**Task details:** The line with "This is how" marks where to begin; print it and all lines after it in the material below exactly, skipping pictures.

─── Data supplied

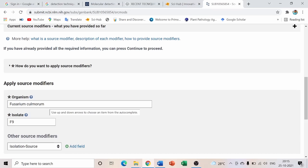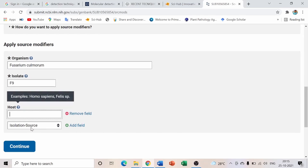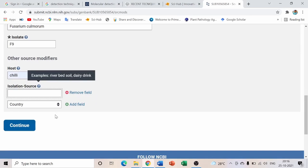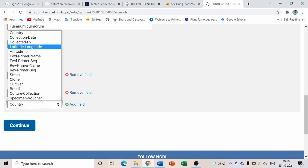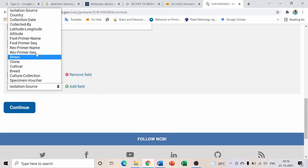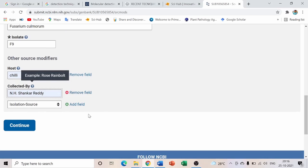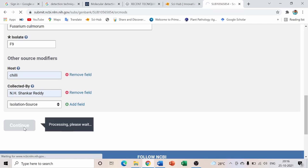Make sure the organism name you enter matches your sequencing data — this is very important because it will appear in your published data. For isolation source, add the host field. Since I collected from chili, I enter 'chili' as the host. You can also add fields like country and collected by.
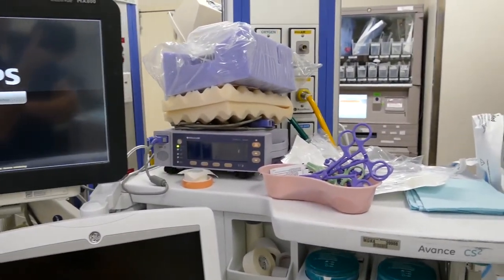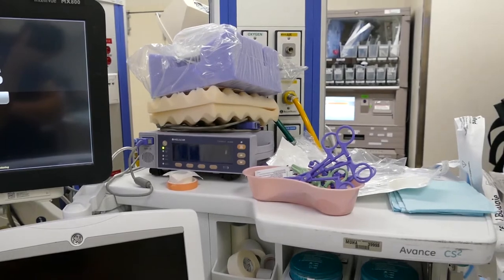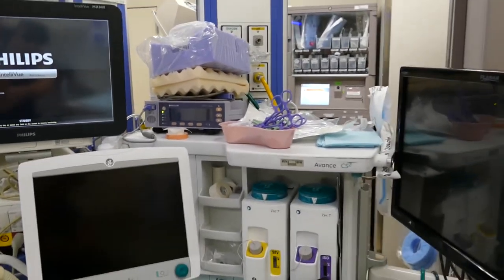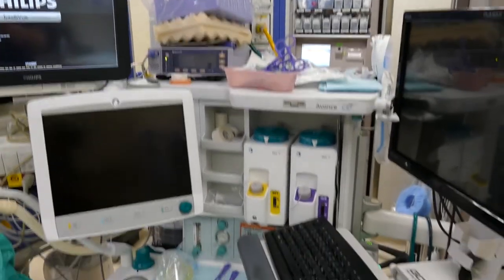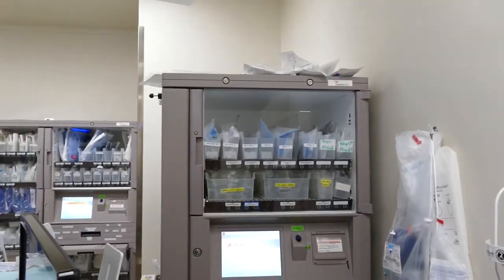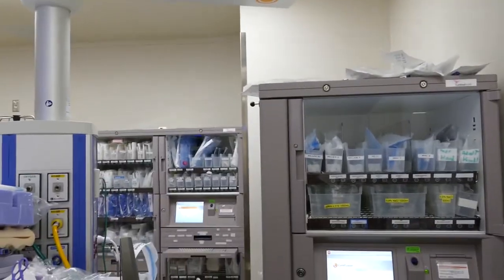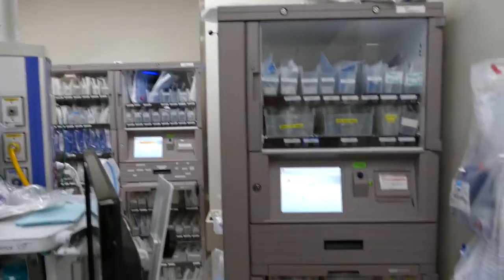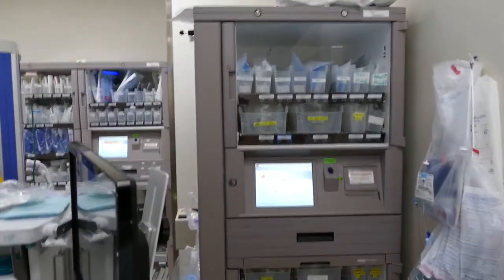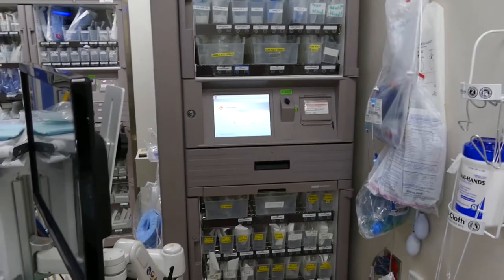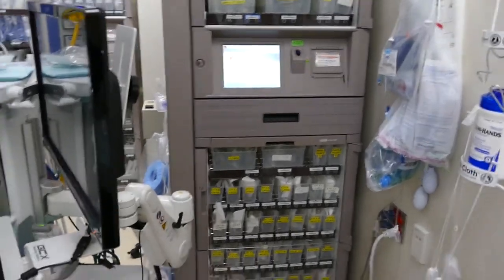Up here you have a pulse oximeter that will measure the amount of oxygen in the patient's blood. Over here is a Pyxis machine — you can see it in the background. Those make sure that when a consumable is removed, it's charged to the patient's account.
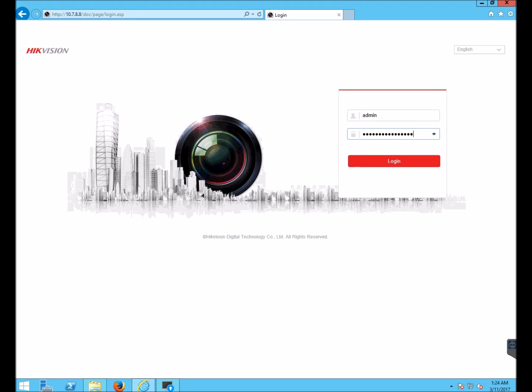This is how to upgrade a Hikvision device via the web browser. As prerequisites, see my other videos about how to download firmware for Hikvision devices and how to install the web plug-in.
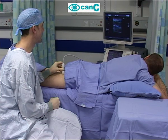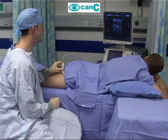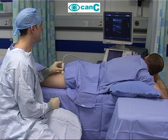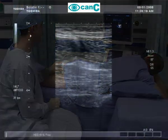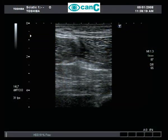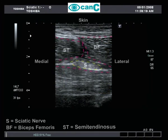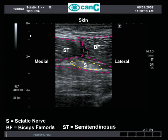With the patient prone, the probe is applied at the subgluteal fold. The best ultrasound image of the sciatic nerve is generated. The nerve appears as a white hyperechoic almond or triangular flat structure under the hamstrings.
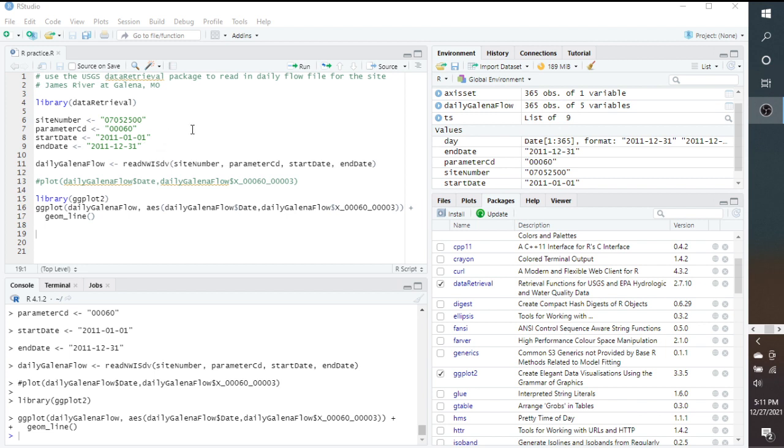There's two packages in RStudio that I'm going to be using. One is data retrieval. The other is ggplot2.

──────

**Output of the task:**
This is how to upgrade a Hikvision device via the web browser. As prerequisites, see my other videos about how to download firmware for Hikvision devices and how to install the web plug-in.
With the patient prone, the probe is applied at the subgluteal fold. The best ultrasound image of the sciatic nerve is generated. The nerve appears as a white hyperechoic almond or triangular flat structure under the hamstrings.
There's two packages in RStudio that I'm going to be using. One is data retrieval. The other is ggplot2.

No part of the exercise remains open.